3. Other authors unquestionably accept the 48 hour rule as a standard and talk about how agencies develop best practices around this standard: “[an agency studied recommends police] brainstorm about future directions for the investigation. This process brings out different perspectives and, if repeated several times during the first 48 hours of the investigation, can keep investigators “fresh” to generate further ideas” (Richardson and Kosa 2001). Or, about this rule informs police practice: “It is commonly noted that the initial phase of a follow-up investigation occupies a special significance to homicide detectives … Dubbed “the first 48 hours,” investigators race to amass as many leads as possible in hopes of quickly identifying a suspect before the trail goes cold.” (Reed and others 2019).
4. In support of the contention there is a special ’48 hour rule’ to solving cases, Alexander and Wellford (2017) cite previous research by one of the authors (Wellford and Cronin 1999) as having identified this period as "critical to closure".
The Wellford and Cronin study examined various characteristics of 798 homicide cases that had been conducted in four large U.S. cities during the period of 1994 to 1995. The authors clustered case closings into one of the following categories:
2 days to 1 week
1 week to 1 month
1 month to 6 months
6 months to 1 year
As can be seen there is no specific cut-off for 48 hours; rather the 48 hours window is lumped into the 168 hour window (1 week).
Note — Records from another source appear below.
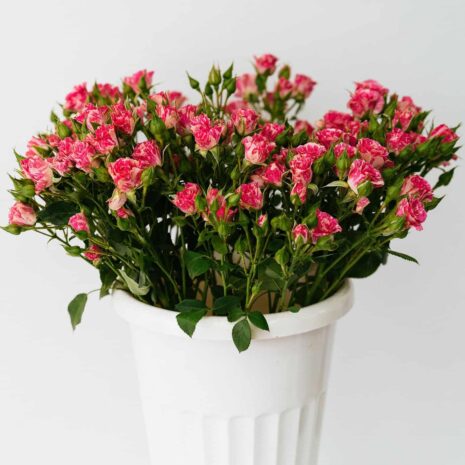 Pexels алекке блажин 11244832 Pexels алекке блажин 11244832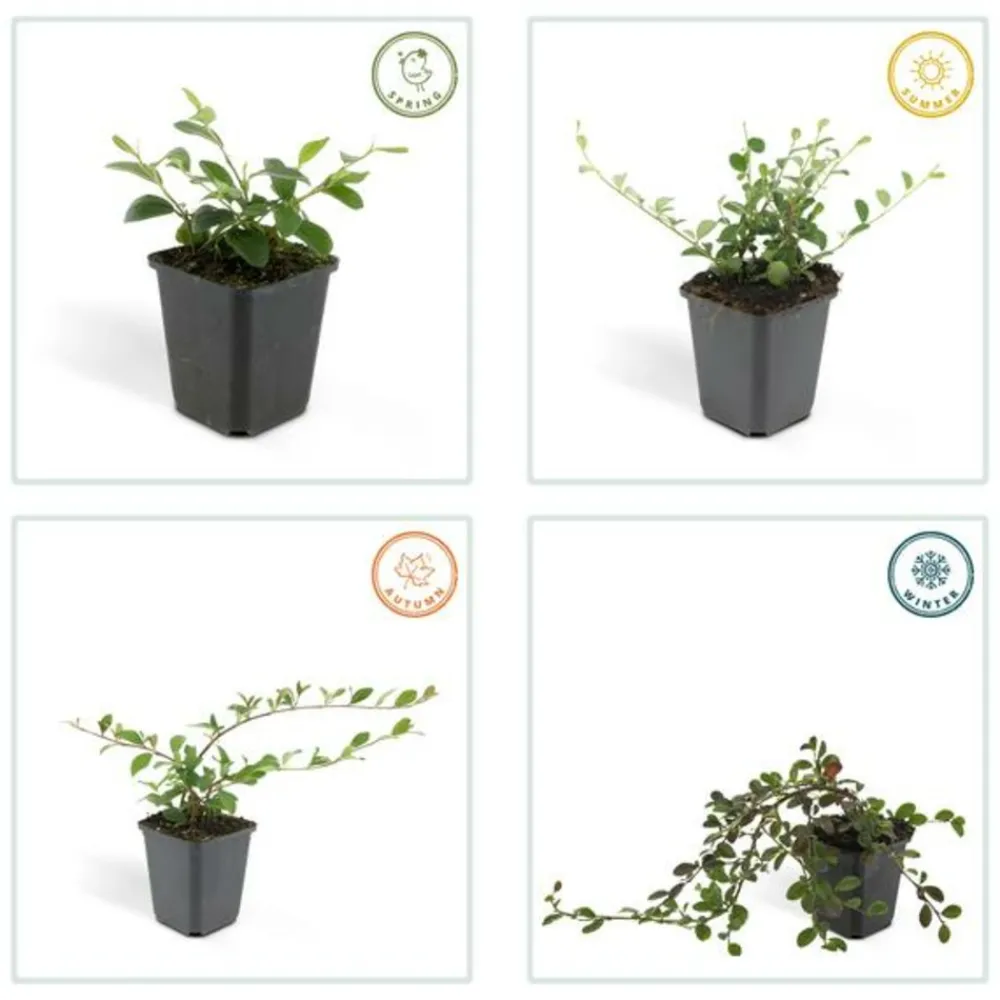 La Green Touch Plantes Grimpantes | - Cotonéaster de dammer x40 – entre 2,5 et 3,33m2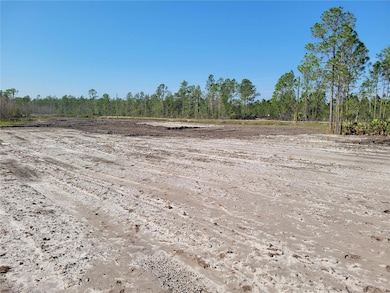 1001 Omega Ranch Rd, New Smyrna Beach, FL 32168 - photo 2
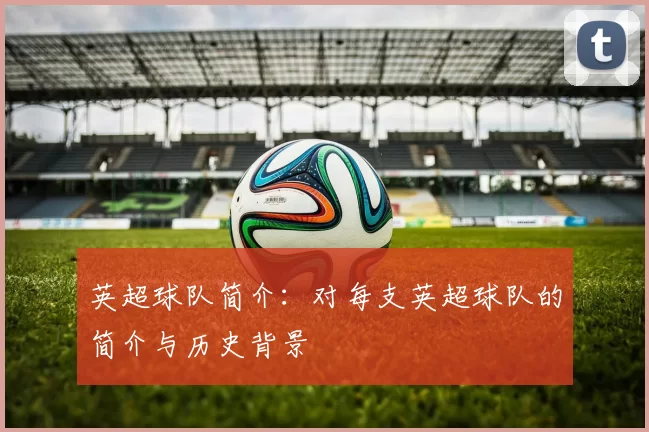 英超球队简介：对每支英超球队的简介与历史背景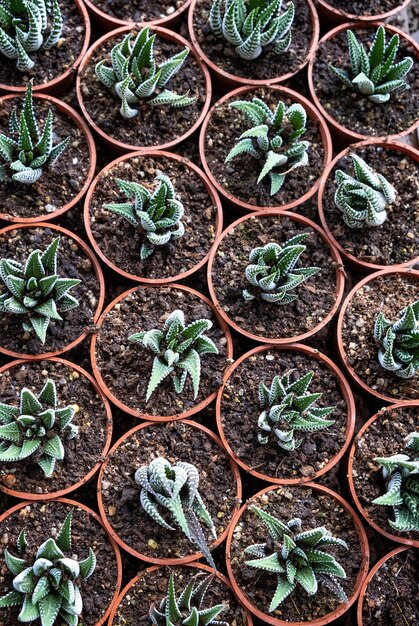 Succulents, cacti, cactuses, top view, vertical composition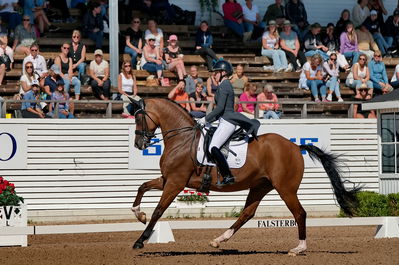 Granprix cdi3
Keywords: pt;anna zibrandtsen;quel filou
There’s also a small problem with the numbers. The totals for all cities combined are:
1 day:169 cases
2 days to 1 week: 125 cases
1 week to 1 month: 99 cases
1 month to 6 months: 126 cases
6 months to 1 year: 28 cases
Missing: 19 cases
In other words, even if we accepted there were 294 cases at the 48 hour mark (169+125), the cases from the 168 hour mark and over total 272 cases – a difference of 22 cases. This is hardly the stuff of "proof".
Lastly, Wellford and Cronin also blow apart the 'first 48 rule'.. They themselves note that "City C solved the fewest cases in one day. The other three cities solved 32% to 40% of their homicide cases within 24 hours. City C only solved 8.1% of its cases in the first 24 hours after the homicide. However, City C solved more of its homicide cases between 1 and 6 months than the other three cities."
Aside from the fact that it's generally fun for academic geeky types to trace these types of myths, there are reasons why it's important more generally to debunk these things. Paramount among these is the sheer prevalence of belief in the magical 48 hours, thanks to several so-called fictional and 'reality'-based TV shows. Try Googling "48 hours and police" and you'll see what I mean. One of the first hits to come back ties this rule to the Sherman homicide case in Toronto, using it in a critical way to cast doubt on the initial police investigation. Similar other stories are easily found. That's why it's good to some times sit back and think, 'where the hell did that actually come from?'
*Thanks to Maria and Dave for yet another interesting and fun discussion.
** Thanks also to Stacey Pearson, who asked around and was told the number comes from Vernon Gerbeth's Practical Homicide Investigation. I checked two different versions of this text and was unable to find it referenced by Gerbeth. I searched both versions by looking for both 48 and 48 hours.